What set Ravines apart is that Morten’s annual challenge to bring his winemaking skill to even higher levels with the fierce competition and pride from the other Finger Lakes winemakers. “Once the grapes reach the crush pad, it becomes decision-making time. With every harvest being completely different, it how requires a plan that starts with walking the vineyards from veriason until harvest and by technically evaluating what will be necessary to capture the essence of the grapes; yeast, nutrition and timing of decision are absolutely critical,” noted Hallgren, “and utilizing state of art stainless tanks and precision temperature control definitely helps.”
“Finger Lakes have become a very popular wine destination with many extremely high quality producers,” reminded Lisa Hallgren, though many winemakers continue to produce sweeter Rieslings noting that it is what the people want. By Ravines producing dry style Rieslings, Hallgren has shown the way and is considered the leader in the movement, and has shown that it can be very successful in the market.

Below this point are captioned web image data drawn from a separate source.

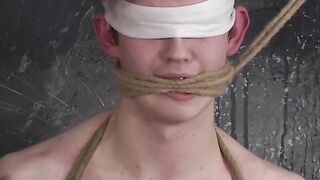 Young gay submissive throat fucked and facialized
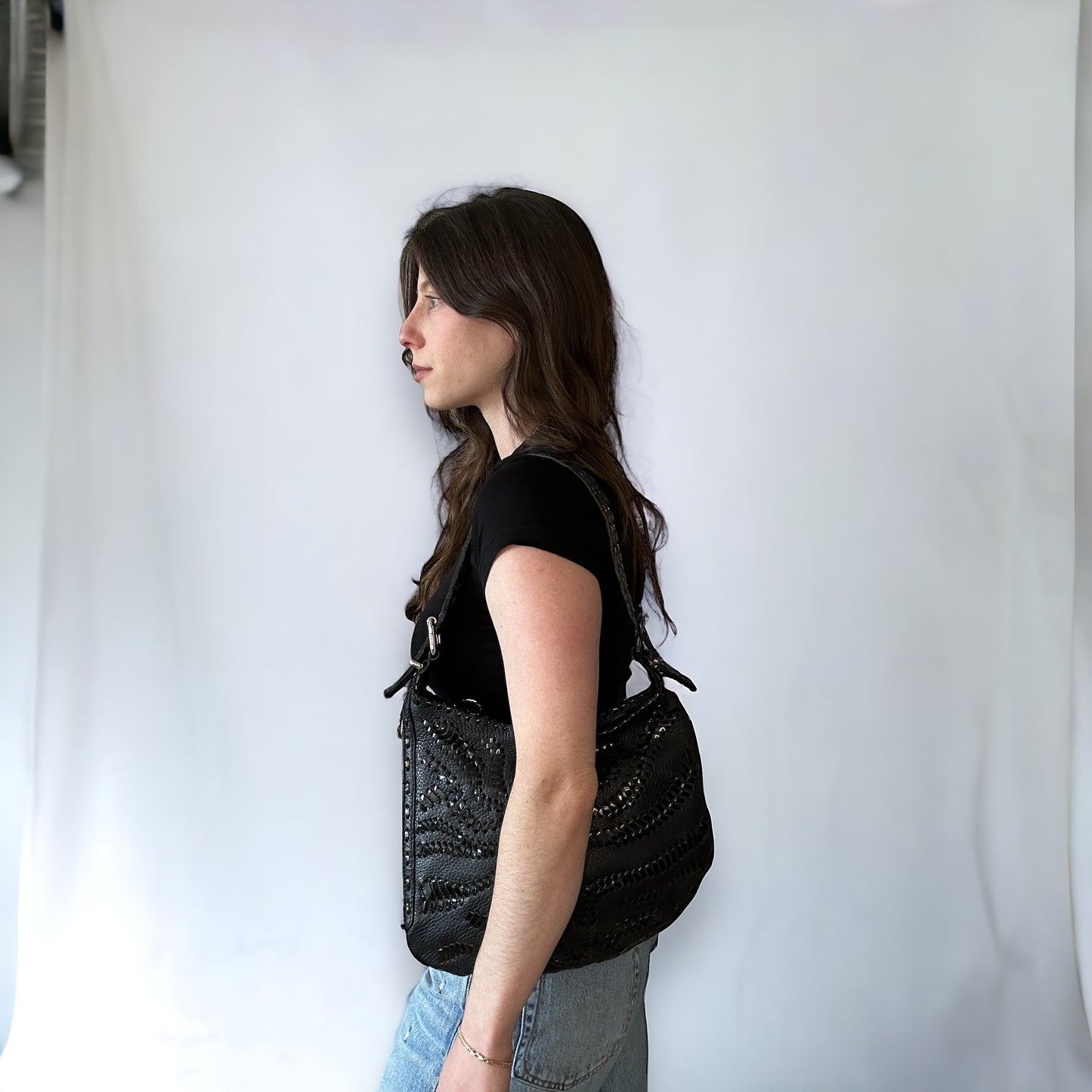 Fendi Leather Stitched Oyster Shoulder Bag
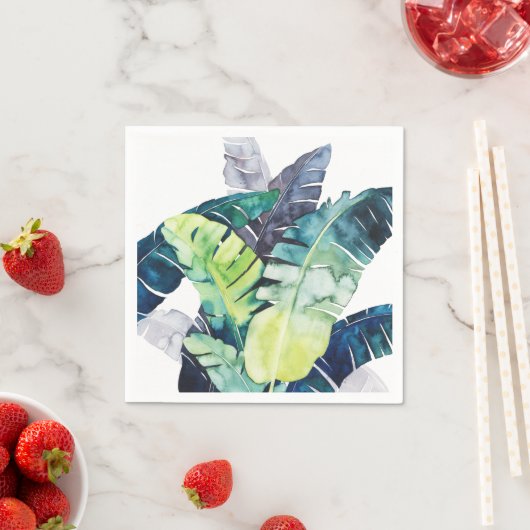 Serviette En Papier Palmiers Twilight - Palmiers Feuilles (En situation)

If a single individual can build a reputation of excellence for a region and style, Hallgren has mastered the bottling of cool-climate Terrior driven Riesling establishing it as the signature wine for the Finger Lakes.
Howard G. Goldberg, who began writing about wine for The New York Times in 1985 noted “Capturing the unique expression of Terrior paired with ageability are hard to achieve, the Ravines Cellar library is one to invest time exploring.” No visit to the scenic and renowned wine-growing Finger Lakes area in upstate New York would be complete without a stop at the Ravines Wine Cellars.
“I’ve always felt that the wines I make should pair well with food. Too many wines today are out of balance … To get the proper balance, I rely on Old World winemaking tradition with New World innovation,” Hallgren revealed in an interview with Wine & Vines Magazine. “My wines are built on balance which can shift year to year based on the climate in the Finger Lake,” commented Hallgren, “with the 2012 vintage the grapes reached ripeness and there was no reason to push it further which had happen prior and since.” This season in the Finger Lakes appears to following a similar weather pattern.
In a region renowned for its collaboration among wineries, Hallgren regularly sets aside time to taste and evaluate the wines from other Finger Lakes producers and provide his recommendations, suggestion, and encouragement. “We want to be part of a group of winemakers who are establishing the Finger Lakes as the premier cool-climate winemaking area in North America,” explained Hallgren. It’s important for Ravines to be recognized, and many Finger Lakes wineries have proven the ability to produce excellent wines shown in the across the board competition result documented as by the New York Wine and Grape Foundation.